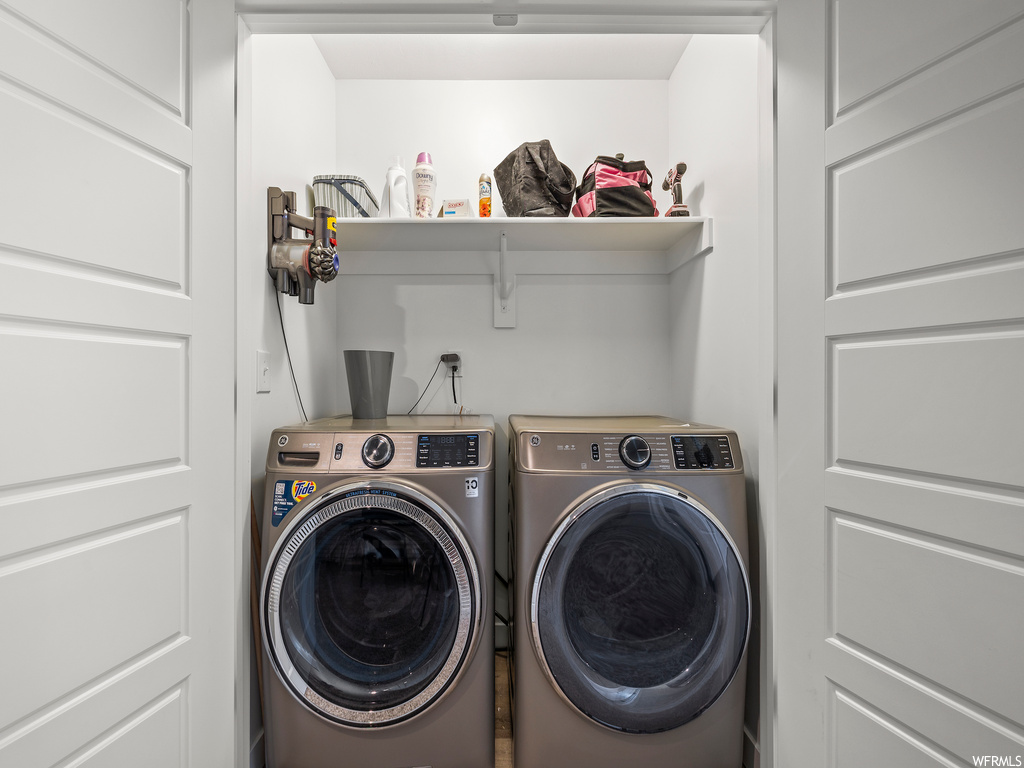 laundry room featuring separate washer and dryer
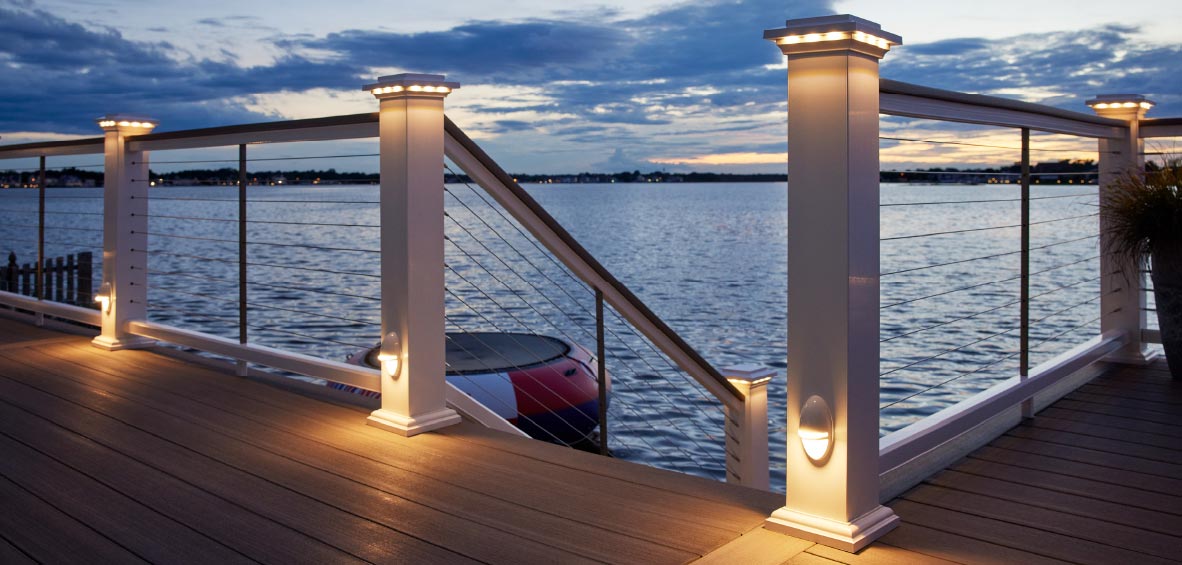 Cable railing infills provide a clear view of a neighboring lake at dusk with soft lights on rail posts and caps.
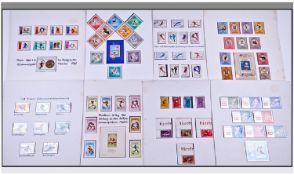 Twelve Large Well Presented Stamp Cards covering the Olympics from 1960 to 1976 features stamps
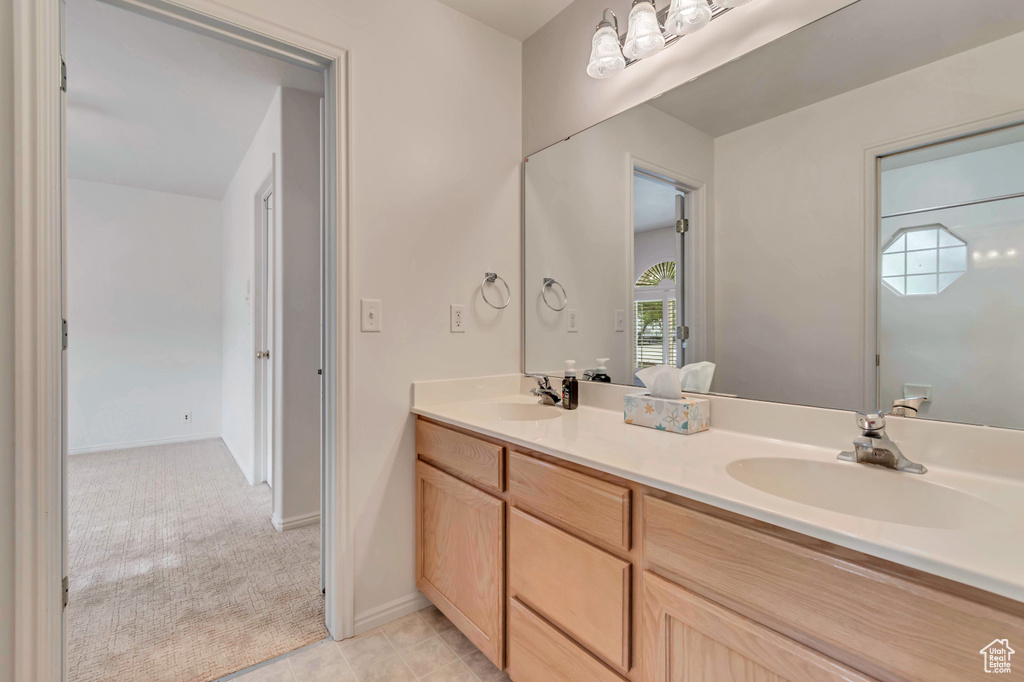 Full bathroom featuring double vanity and baseboards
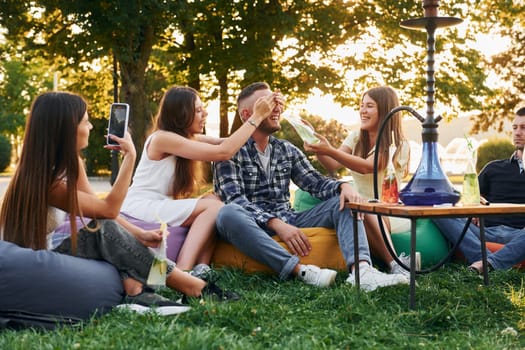 Drinking game. Group of young people have a party in the park at summer daytime.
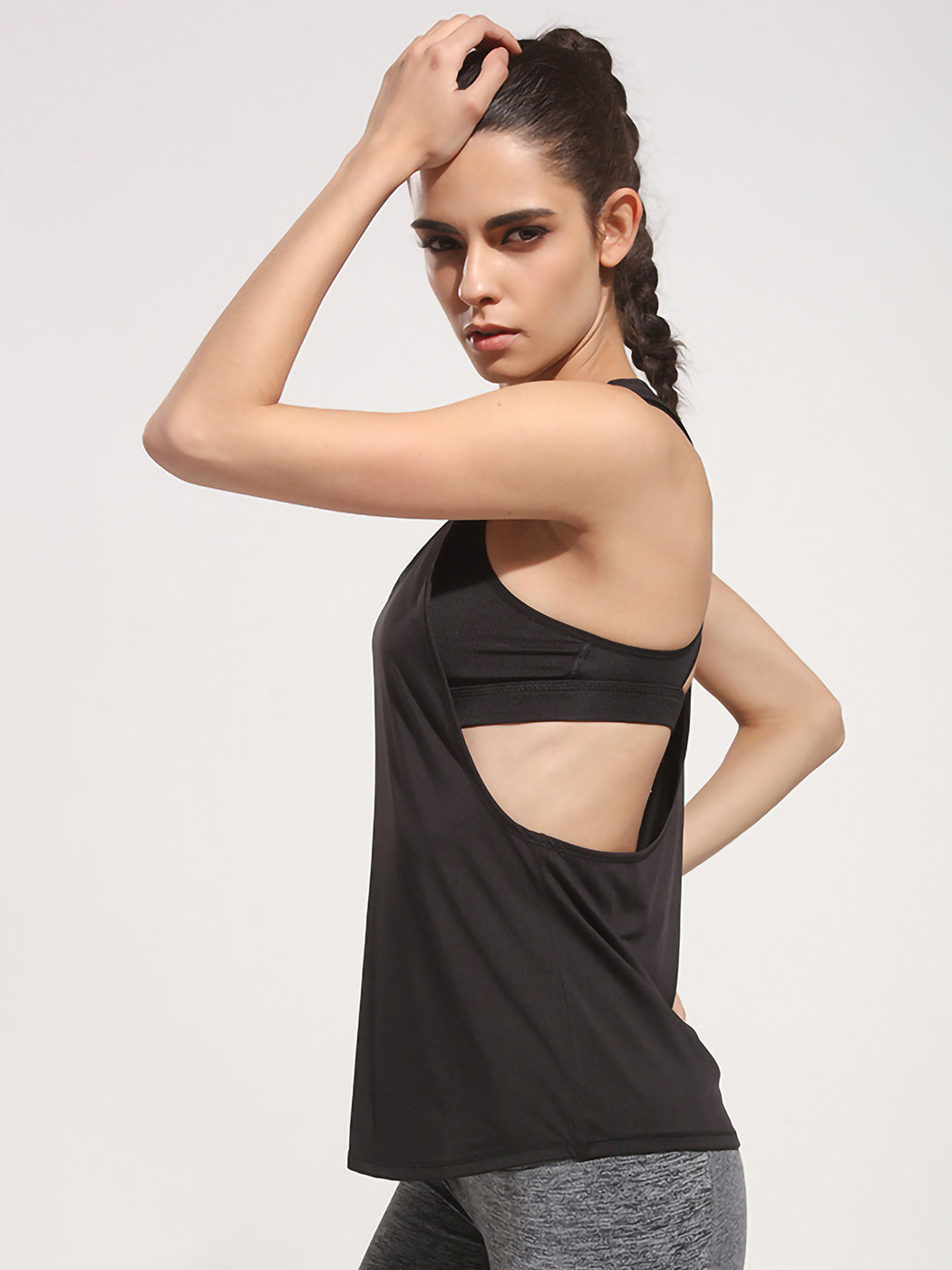 Camiseta sin mangas holgada con espalda cruzada para hacer yoga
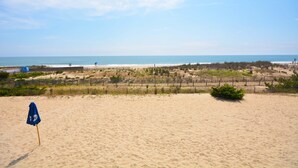 Ein sandiger Strand mit einem blauen Sonnenschirm und einem Zaun im Hintergrund.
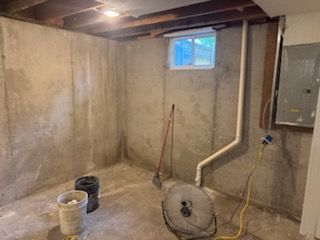 Concrete basement interior with a window, pipes, and buckets.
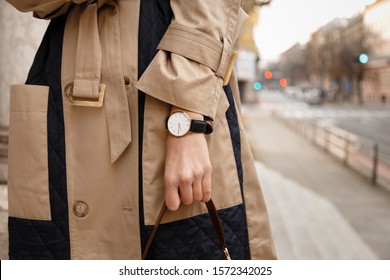 street style fashion details. close up, young fashion blogger wearing autumn trench coat and a white and golden black analog wrist watch. checking the time, holding a beautiful brown leather purse.
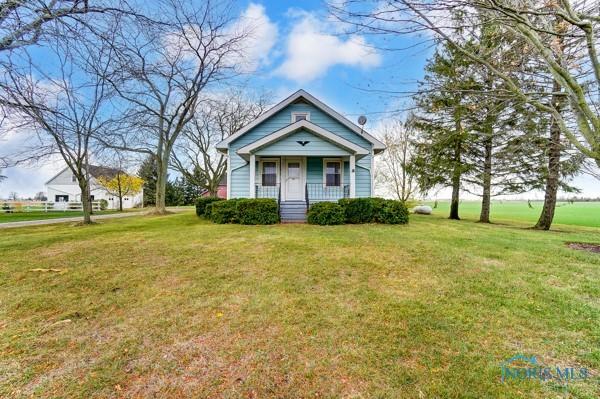 bungalow featuring covered porch and a front yard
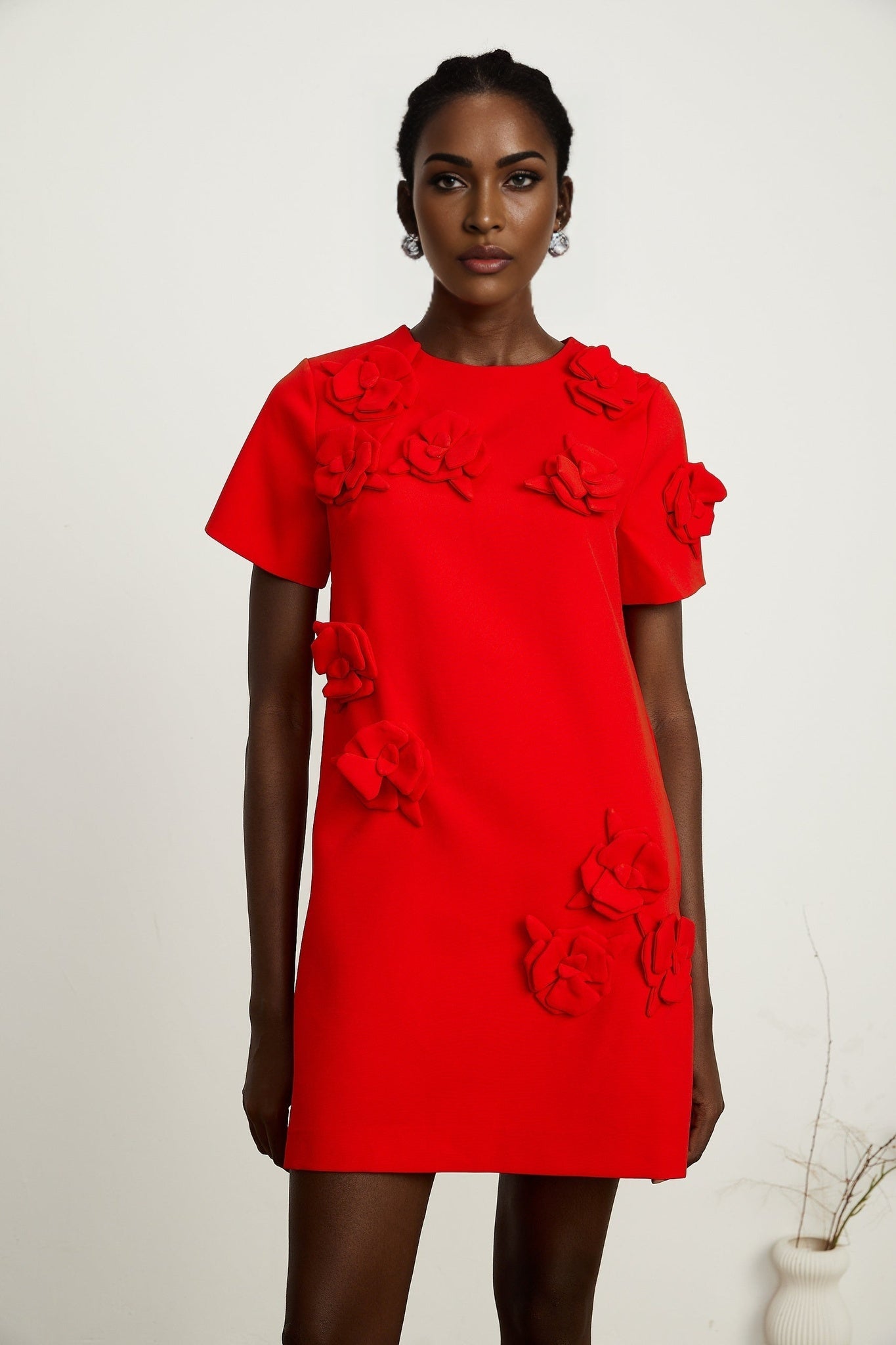 A woman wearing a short red mini dress with floral details and short sleeves standing against a plain background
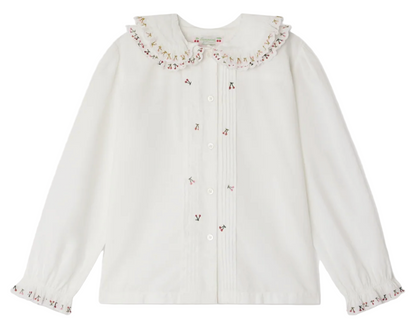The Bonpoint Girls' Janeke Blouse features a ruffled embroidered collar, pleated details, button front, and gathered cuffs, crafted from soft organic cotton.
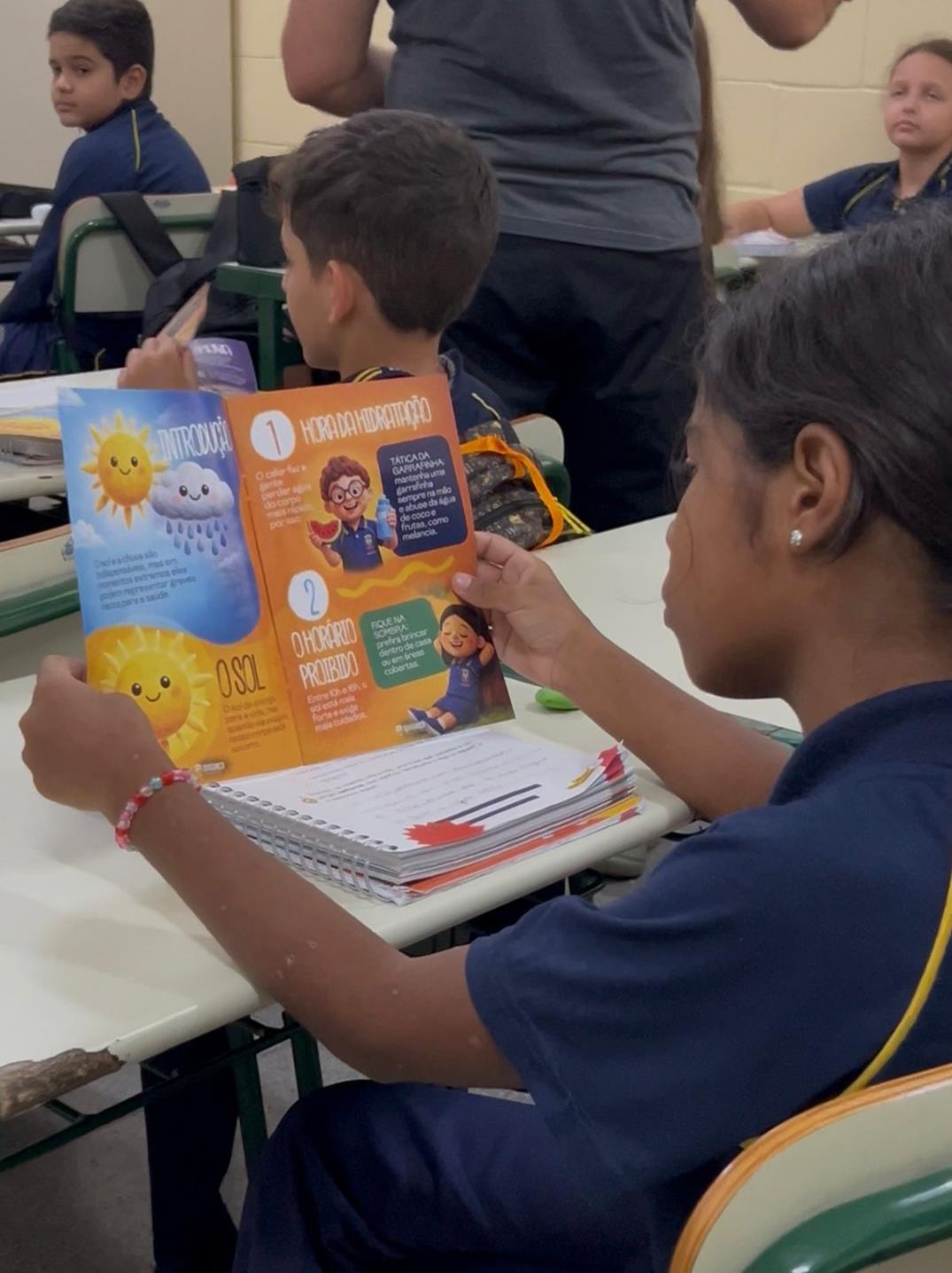 Cartilha ilustrada orienta alunos sobre o clima Foto 03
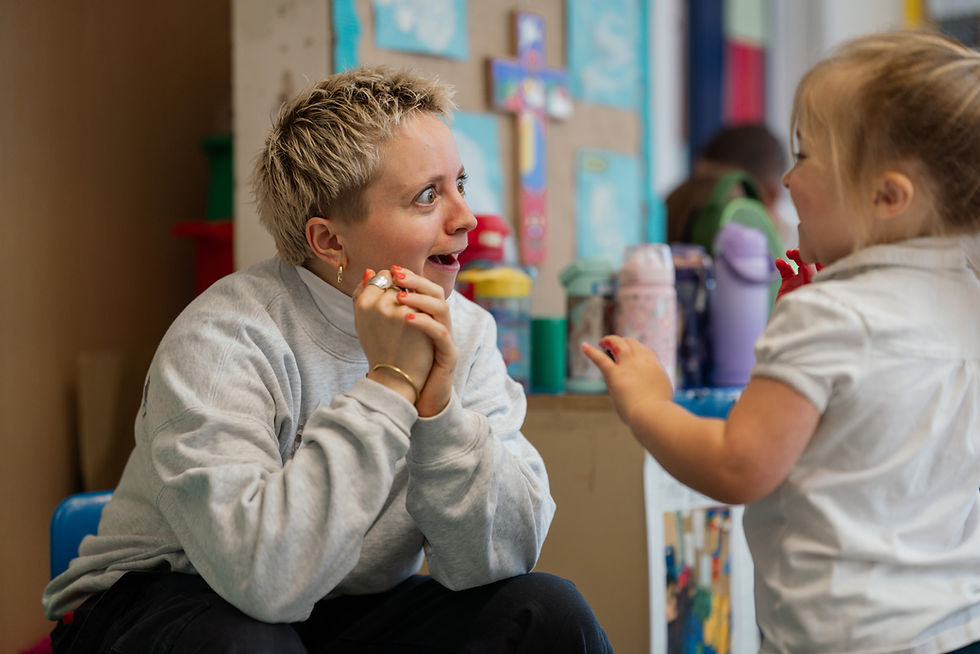 Lily making a nursery student laugh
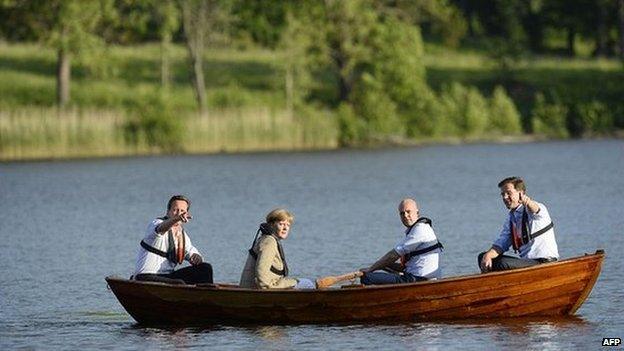 The four leaders take a trip in a rowing boat at the summer residence of Swedish prime minister Fredrik Reinfeldt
● ● ●
▸ WORK REQUIRED:
Leave every picture out and print exactly the lines from the one that contains "A woman wearing" through the last line of the material above.

▸ SOLUTION TO THE EXERCISE:
 A woman wearing a short red mini dress with floral details and short sleeves standing against a plain background
The Bonpoint Girls' Janeke Blouse features a ruffled embroidered collar, pleated details, button front, and gathered cuffs, crafted from soft organic cotton.
 Cartilha ilustrada orienta alunos sobre o clima Foto 03
 Lily making a nursery student laugh
 The four leaders take a trip in a rowing boat at the summer residence of Swedish prime minister Fredrik Reinfeldt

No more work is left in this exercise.